SiRumCz / CSC501

CSC501 assignments
0 stars 1 forks source link

Word cloud not working for 27M dataset. #32

Open superliuxz opened 5 years ago

superliuxz commented 5 years ago

I checkout the master branch, and load the 27M dataset through preproc.py. The word cloud graph however is not showing anything.

It works on the small testing dataset.

@soroushysfi feel free to ask for help, and please let me know if we can fix it or not. If not, I will need to look for alternative solution ASAP.

superliuxz commented 5 years ago

@soroushysfi @SiRumCz

With GH-36 in place, I seems the word cloud is working; however in GH-36, the weights (counts) are returned as floats, all the words become too small to see:

Screen Shot 2019-09-25 at 12 25 38 PM

Then I multiple each count by 100. I get:

Screen Shot 2019-09-25 at 12 32 02 PM

It's getting better but no where close to what I had in GH-36. There is too much empty space between each word.

@soroushysfi you are the expert on it, can we improve on this? Would it be too much effort (i.e. D3's wordcloud component does not support such config)?

If not, we can make an exception, and hand in what we had in GH-36 (so instead of a dynamic component, we present with a static image). I will supply with my Python code as well.

soroushysfi commented 5 years ago

@soroushysfi @SiRumCz

With GH-36 in place, I seems the word cloud is working; however in GH-36, the weights (counts) are returned as floats, all the words become too small to see:

Screen Shot 2019-09-25 at 12 25 38 PM

Then I multiple each count by 100. I get:

Screen Shot 2019-09-25 at 12 32 02 PM

It's getting better but no where close to what I had in GH-36. There is too much empty space between each word.

@soroushysfi you are the expert on it, can we improve on this? Would it be too much effort (i.e. D3's wordcloud component does not support such config)?

If not, we can make an exception, and hand in what we had in GH-36 (so instead of a dynamic component, we present with a static image). I will supply with my Python code as well.
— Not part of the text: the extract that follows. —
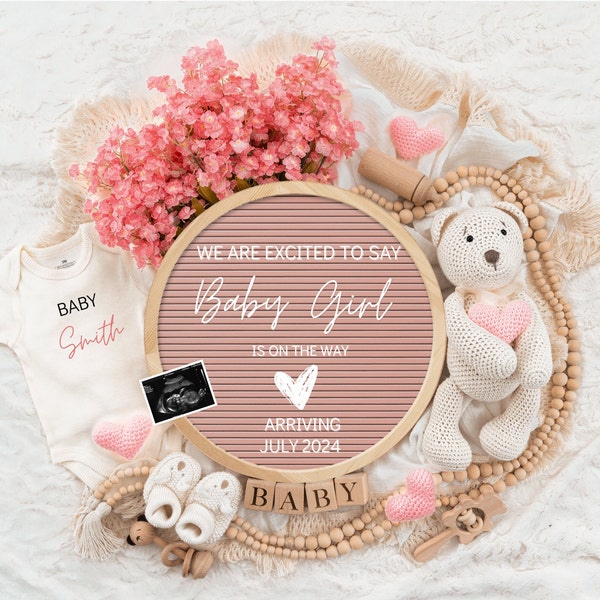 Girl Digital Pregnancy Announcement / Pregnancy Reveal / Social Media / Gender Girl / Facebook / Instagram / Pink / Personalized/ Baby girl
Are you running this on branch: word-cloud-data-normalization ?

soroushysfi commented 5 years ago

@soroushysfi @SiRumCz

With GH-36 in place, I seems the word cloud is working; however in GH-36, the weights (counts) are returned as floats, all the words become too small to see:

Screen Shot 2019-09-25 at 12 25 38 PM

Then I multiple each count by 100. I get:

Screen Shot 2019-09-25 at 12 32 02 PM

It's getting better but no where close to what I had in GH-36. There is too much empty space between each word.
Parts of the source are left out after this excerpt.